┌──

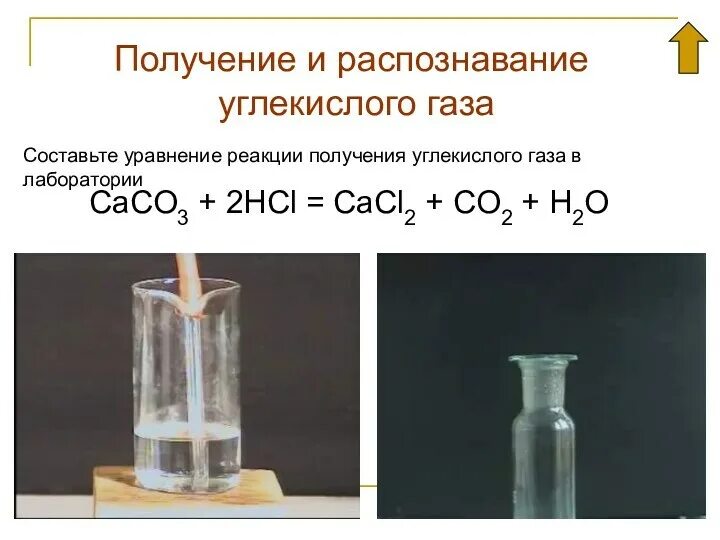 Соединение углекислого газа с основаниями. Химическая реакция получения углекислого газа. Получение углекислого газа в лаборатории. Лабораторный способ получения углекислого газа. Прибор для получения углекислого газа в лаборатории.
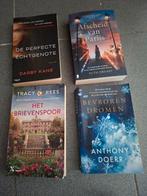 Thriller en roman, 3 euro per boek, Ophalen of Verzenden, Gelezen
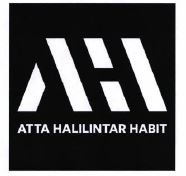 Trademark ATTA HALILINTAR HABIT + LOGO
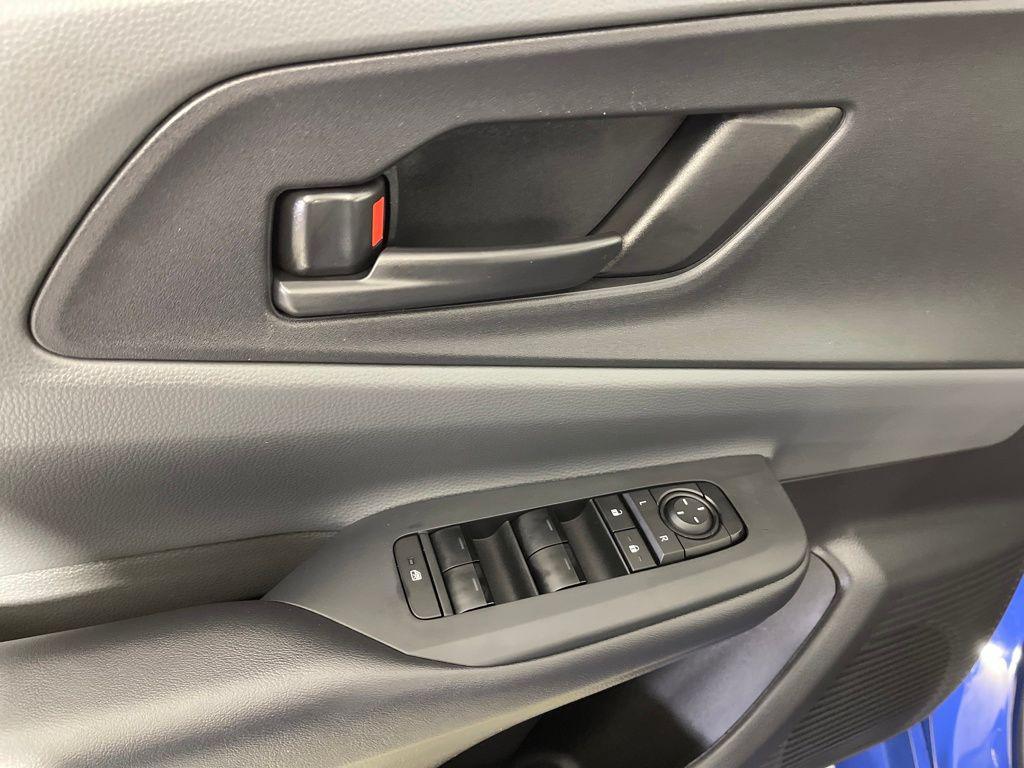 used 2025 Toyota Prius car, priced at $29,487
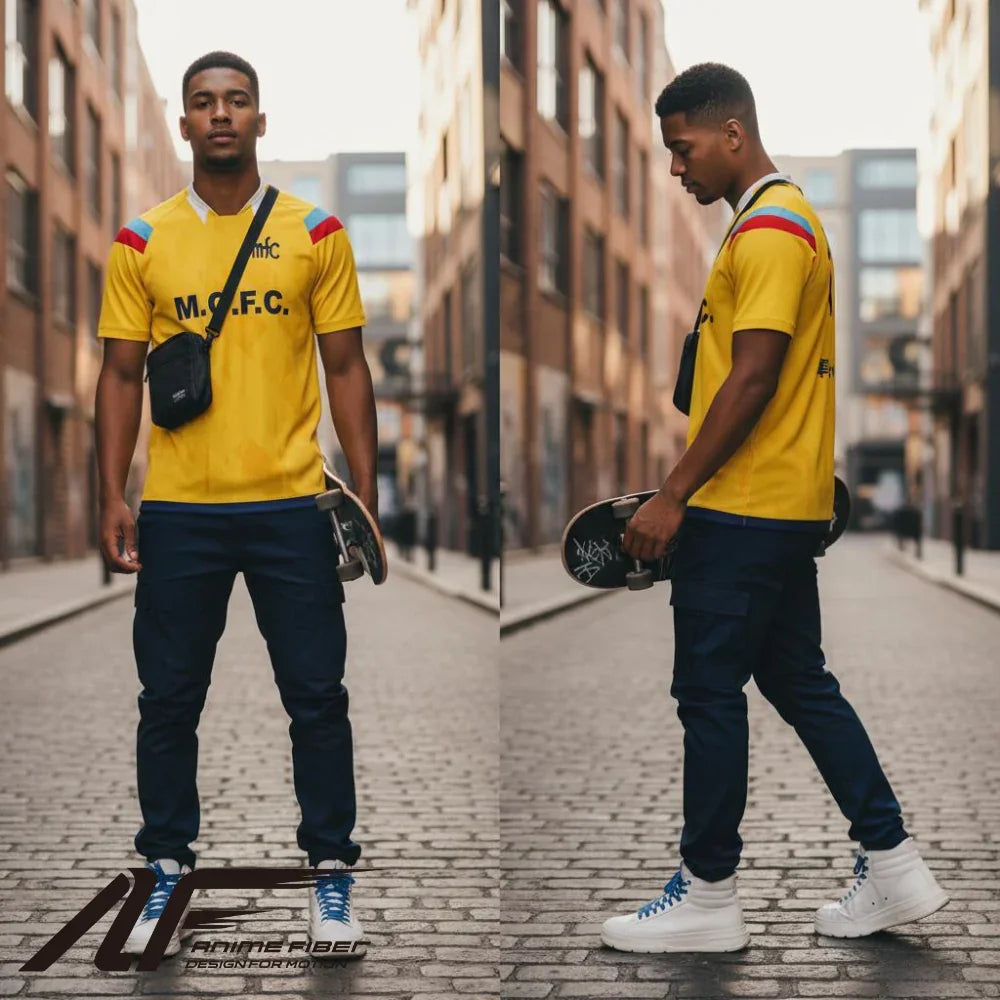 Julian Ross Jersey | Captain Tsubasa Anime Jersey - ANIME FIBER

└──

INSTRUCTIONS FOR THE TASK:
Each line above should be returned exactly as written, apart from any pictures.

REPLY TO THE EXERCISE:
 Соединение углекислого газа с основаниями. Химическая реакция получения углекислого газа. Получение углекислого газа в лаборатории. Лабораторный способ получения углекислого газа. Прибор для получения углекислого газа в лаборатории.
 Thriller en roman, 3 euro per boek, Ophalen of Verzenden, Gelezen
 Trademark ATTA HALILINTAR HABIT + LOGO
 used 2025 Toyota Prius car, priced at $29,487
 Julian Ross Jersey | Captain Tsubasa Anime Jersey - ANIME FIBER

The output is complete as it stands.